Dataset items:
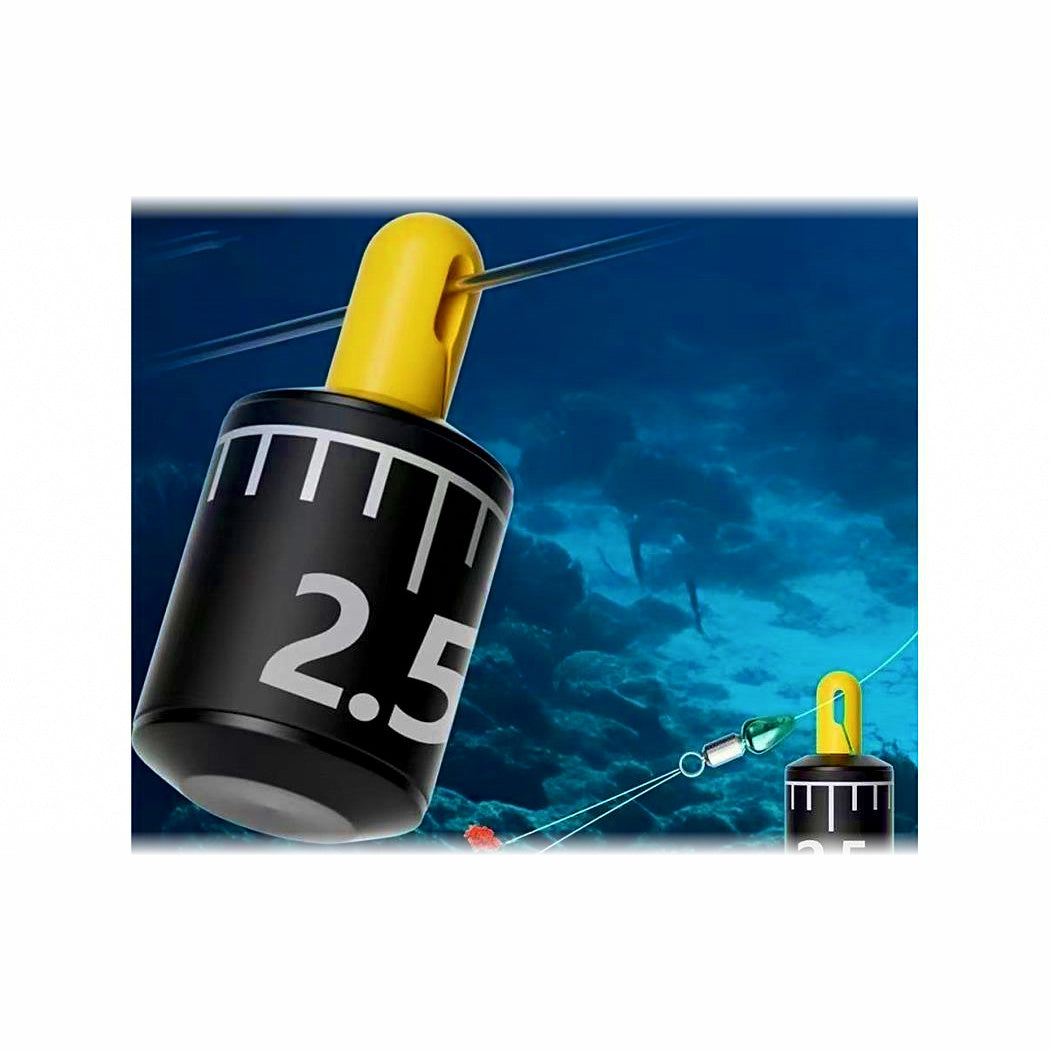 Quick-Release Sliding Sinkers, 0.07–0.21 oz (2–6 g)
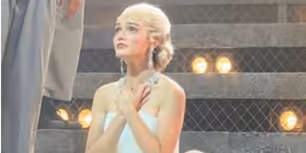 Video: EVITA Star Rachel Zegler Takes Her Opening Night Bow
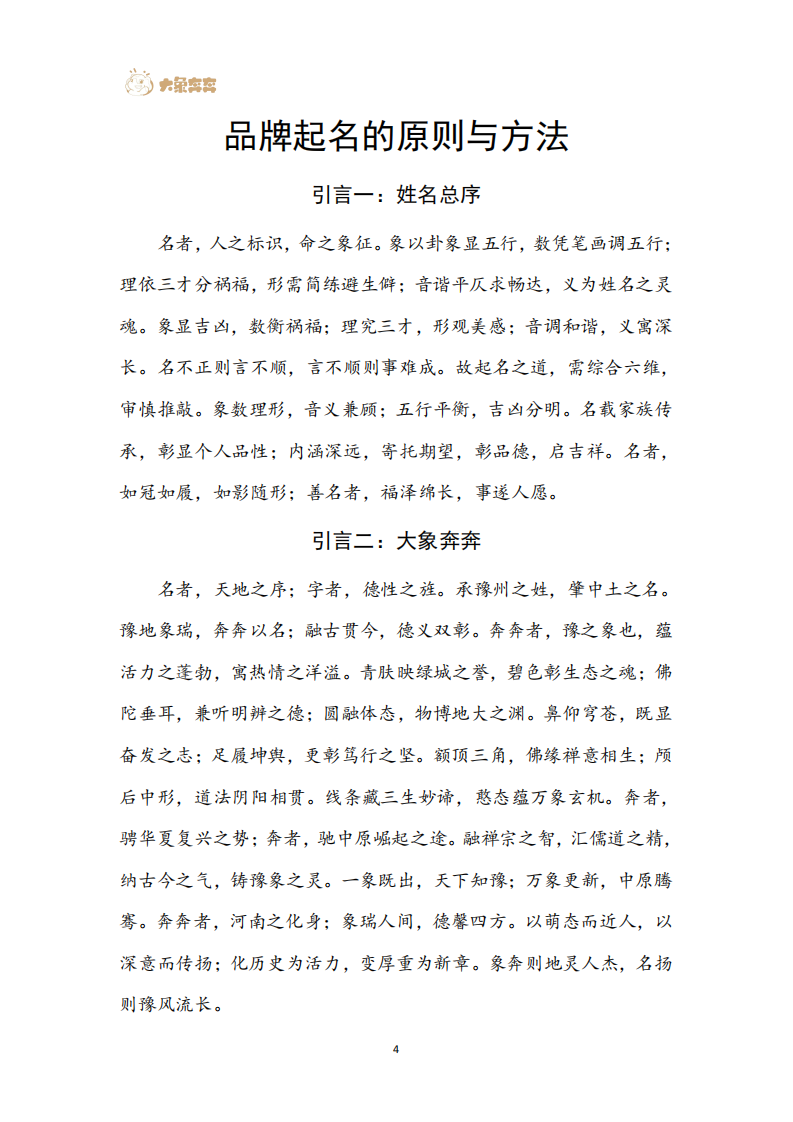 2025品牌起名的原则与方法 第4页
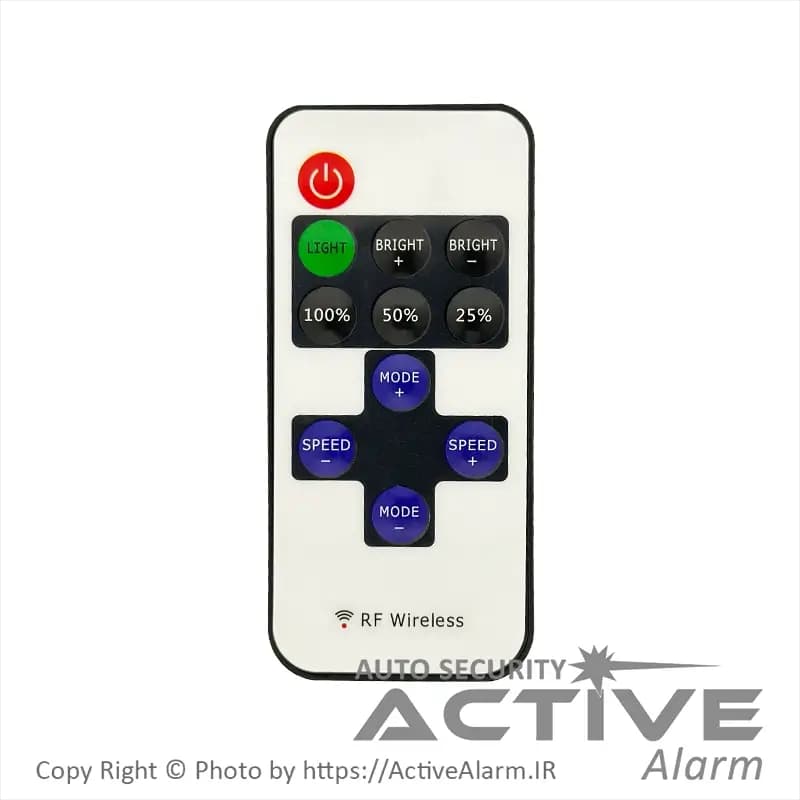چراغ کمپینگ پایه دار لنسری 360 لایت مدل FR-04 — تصویر ۲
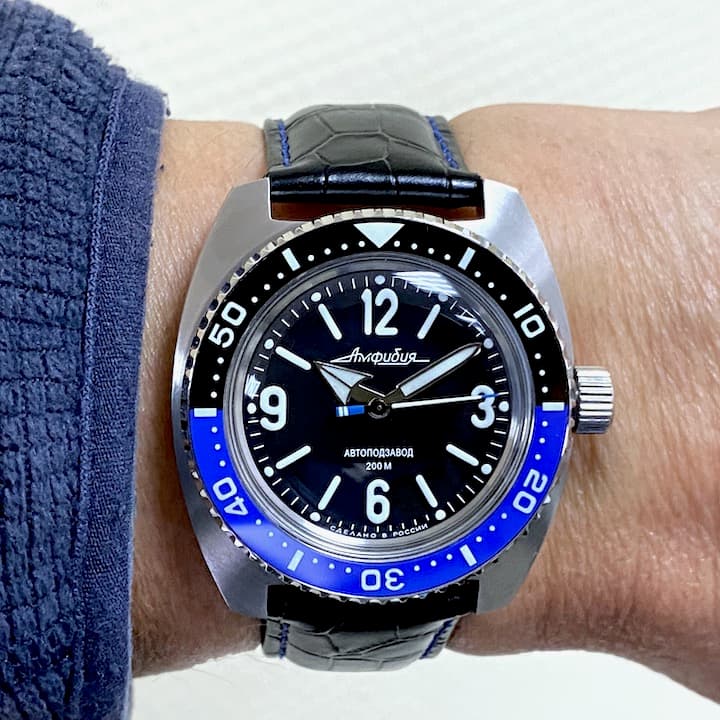 VOSTOK AMPHIBIA (170660S SE2) - 2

Problem details:
Set down the records again exactly as they appear, leaving each picture behind.

Result of this task:
 Quick-Release Sliding Sinkers, 0.07–0.21 oz (2–6 g)
 Video: EVITA Star Rachel Zegler Takes Her Opening Night Bow
 2025品牌起名的原则与方法 第4页
چراغ کمپینگ پایه دار لنسری 360 لایت مدل FR-04 — تصویر ۲
 VOSTOK AMPHIBIA (170660S SE2) - 2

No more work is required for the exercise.